Automating a Highly Expressive Knowledge Space: Dual Representation

2007-07-30


Abstract. "Dual representation" represents a methodology for building and maintaining a highly flexible content management system built around a centralized vocabulary. This vocabulary incorporates a formal semantics (via a combination of an OWL ontology and a RIF Core rule set) for hierarchical document composition and an abstract framework for modelling terms in a domain in a way that facilitates semi-automated use of native XML and RDF representations. It relies on a very recent set of technologies (Semantic Web technologies) to automate certain aspects of data entry, structure, storage, display, and retrieval with minimal intervention by traditional database administrators and computer programmers.
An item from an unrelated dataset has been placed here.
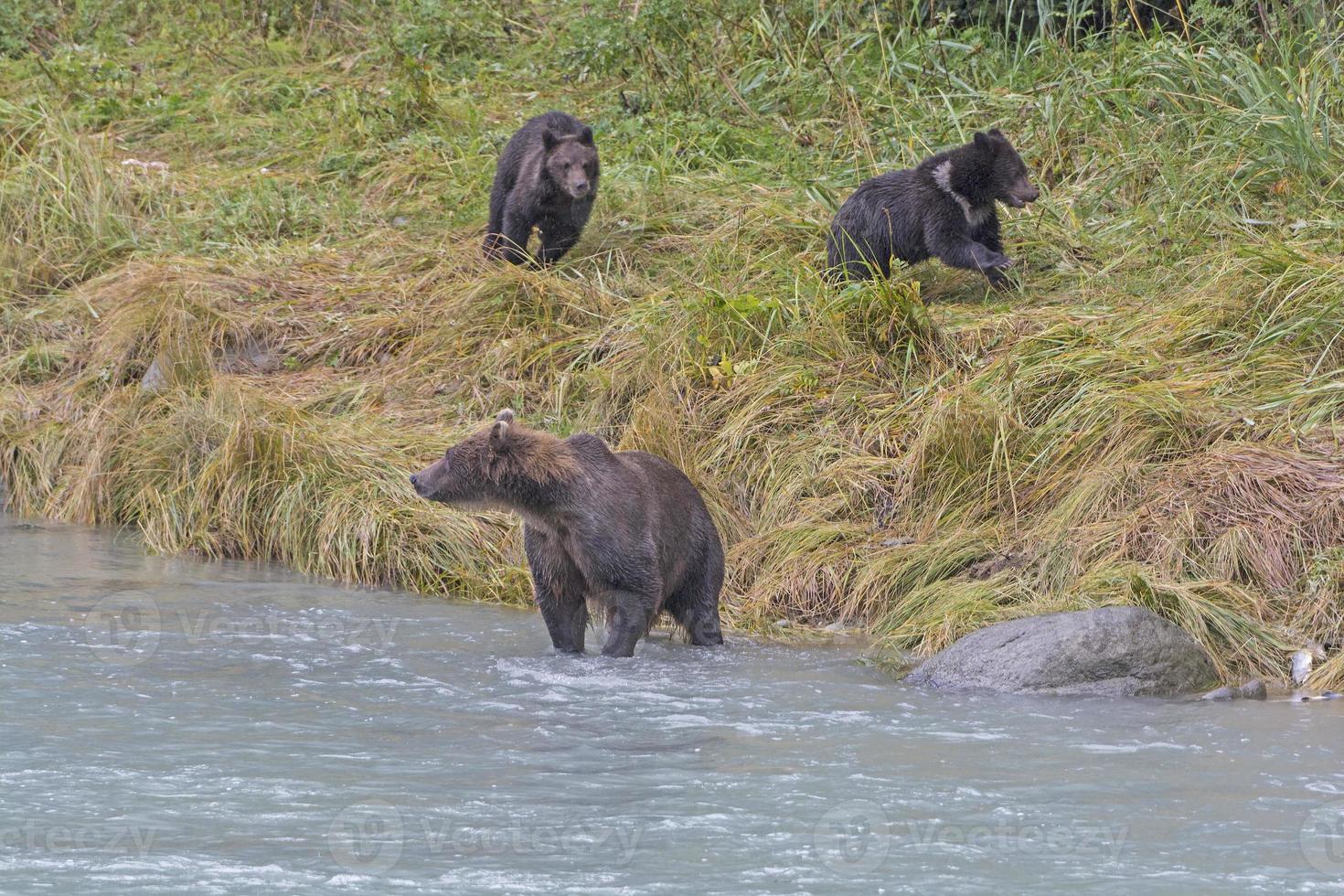 filhotes de urso brincando enquanto a mãe está pescando foto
A Content Management System instance is built around a domain model expressed using a Data Node Model. From the domain model various XML/RDF management components are generated. The Data Mason takes a domain model and generates XML schemas, formal ontologies, XSLT transforms, stored queries, XML templates, document definitions, etc. The ScreenCompiler takes an abstract representation of a data entry form (with references to terms in a domain model) and generates a user interface in a particular host language (currently XForms)

Introduction

The model described here is the same described in the Semantic Technology Conference 2006 proceedings for Automating the Management of a Semi-structured Database [DNM]. It is a semi-structured modelling language which uses RDF to describe infoset items that participate in functional mappings to RDF. The functional mappings can be formally defined using GRDDL [GRDDL]. The model maps information items [INFOSET] parsed from an XML document with namespace nodes which share a common base URI, to Associative Box (Abox) membership assertions (i.e., statements such as "item set #23211 is a member of a collection / class with the same name") as well as other assertions about these information items.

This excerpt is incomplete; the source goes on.